__Goal of the exercise__. What is needed is the full set of records, word for word, with no pictures.

Data for this task below:

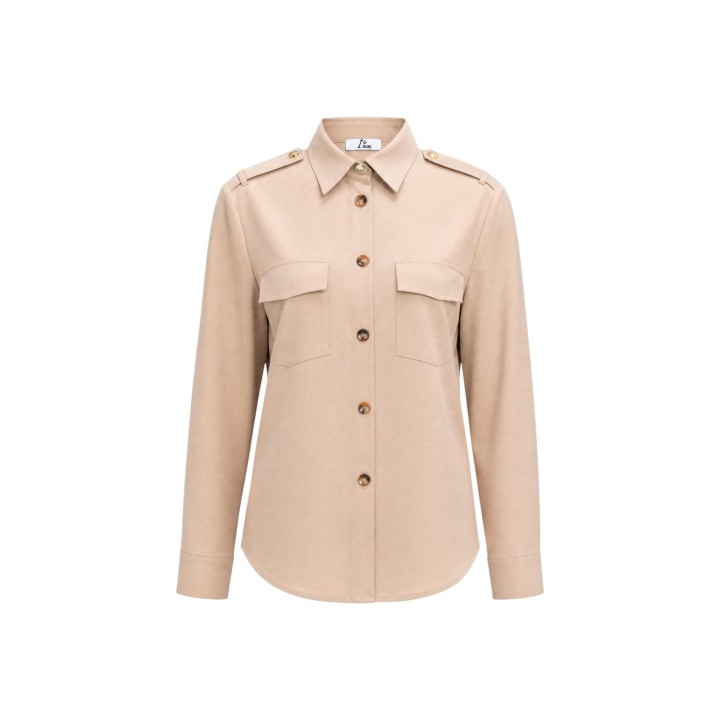 I am camisa de mujer beige modelo 33067 detalle frontal con bolsillos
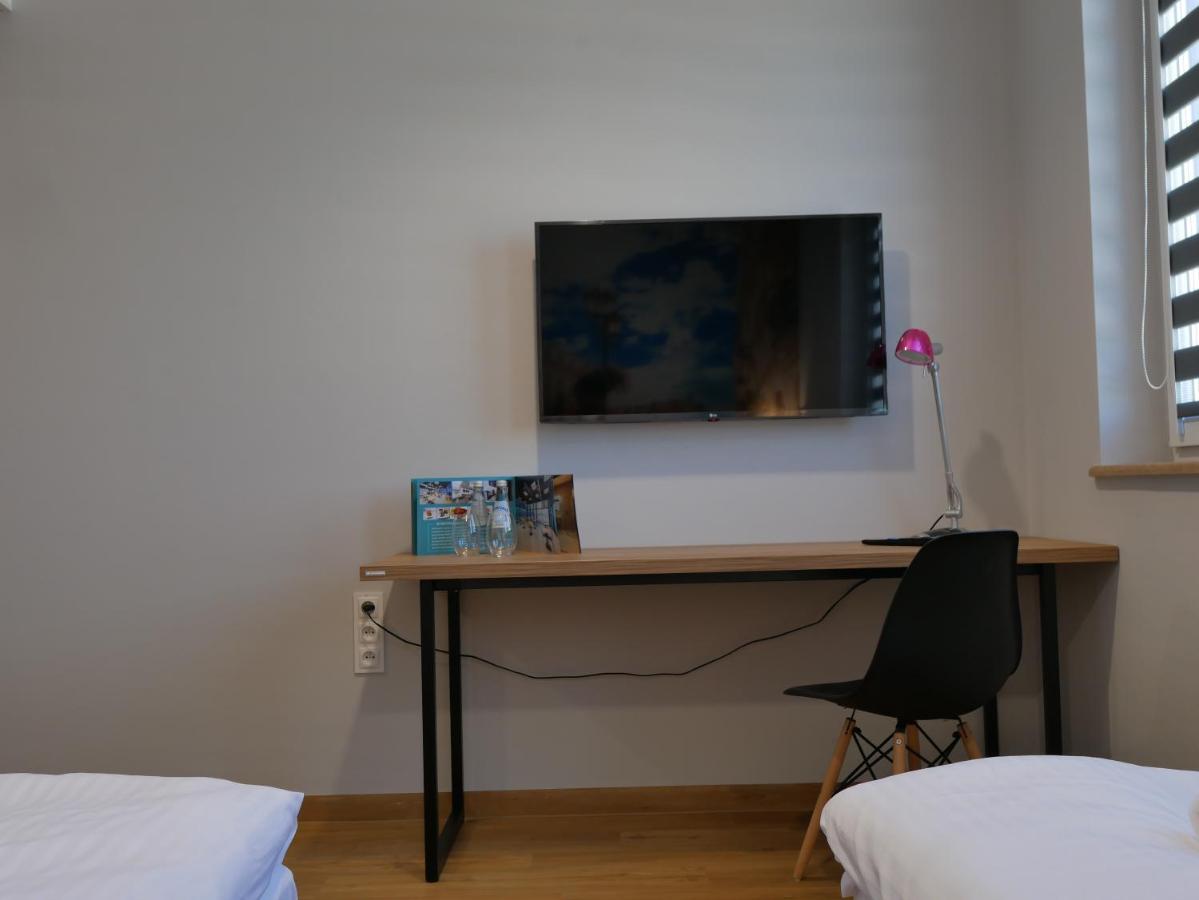 Blue Hotel Kaliszki Eksteriør billede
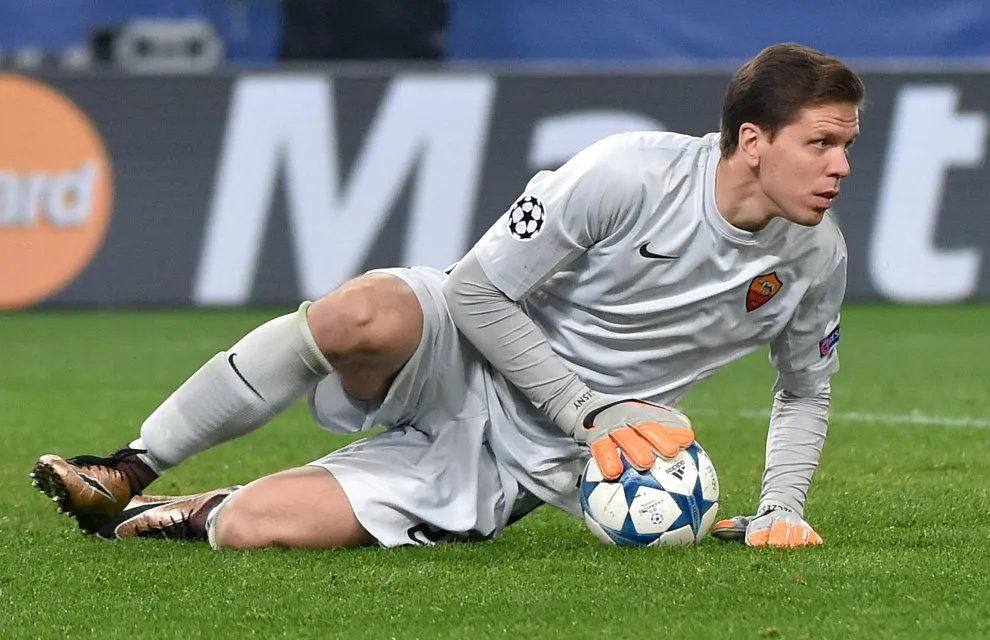 szczesny palla in mano roma bate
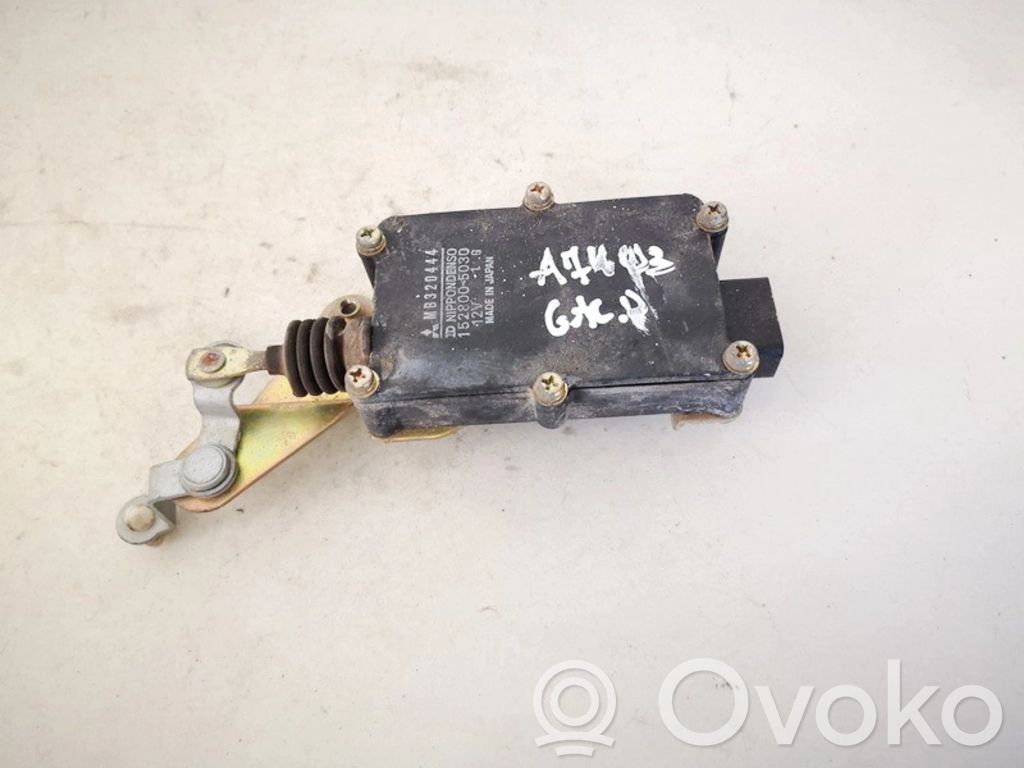 Mitsubishi Galant Eterna Silniczek / Siłownik zamka centralnego 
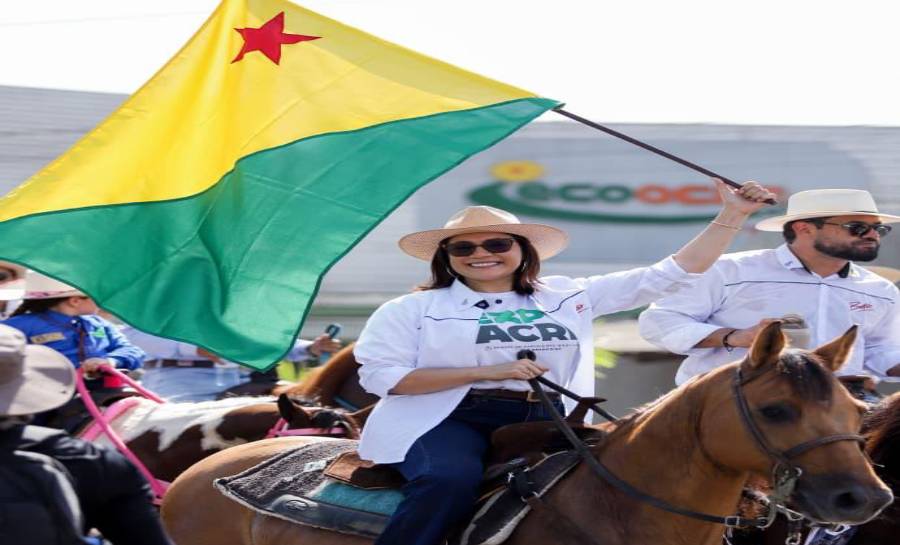 Mailza Assis participa da tradicional Cavalgada que marca a abertura da 51ª Expoacre em Rio Branco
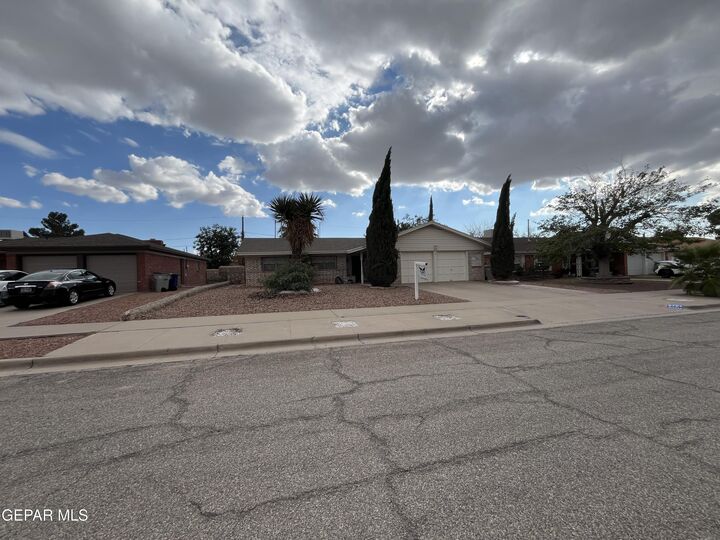 Property Photo:  8704 Darlina Drive  TX 79925 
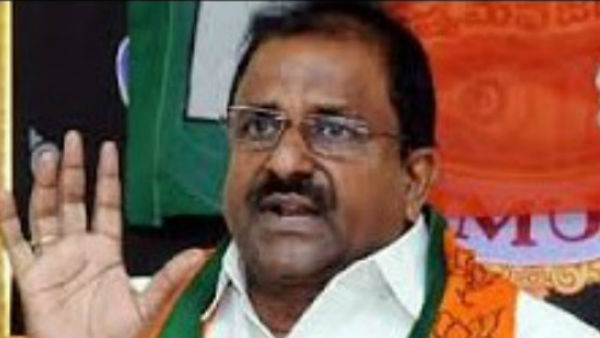 Undavalli Arun Kumar Takes on Somu Veerraju s RSS Debate Challenge Undavalli Arun Kumar Takes on Somu Veerraju s RSS Debate Challenge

End of Data for this task.

__Answer to this task__.
 I am camisa de mujer beige modelo 33067 detalle frontal con bolsillos
 Blue Hotel Kaliszki Eksteriør billede
 szczesny palla in mano roma bate
 Mitsubishi Galant Eterna Silniczek / Siłownik zamka centralnego 
 Mailza Assis participa da tradicional Cavalgada que marca a abertura da 51ª Expoacre em Rio Branco
 Property Photo:  8704 Darlina Drive  TX 79925 
 Undavalli Arun Kumar Takes on Somu Veerraju s RSS Debate Challenge Undavalli Arun Kumar Takes on Somu Veerraju s RSS Debate Challenge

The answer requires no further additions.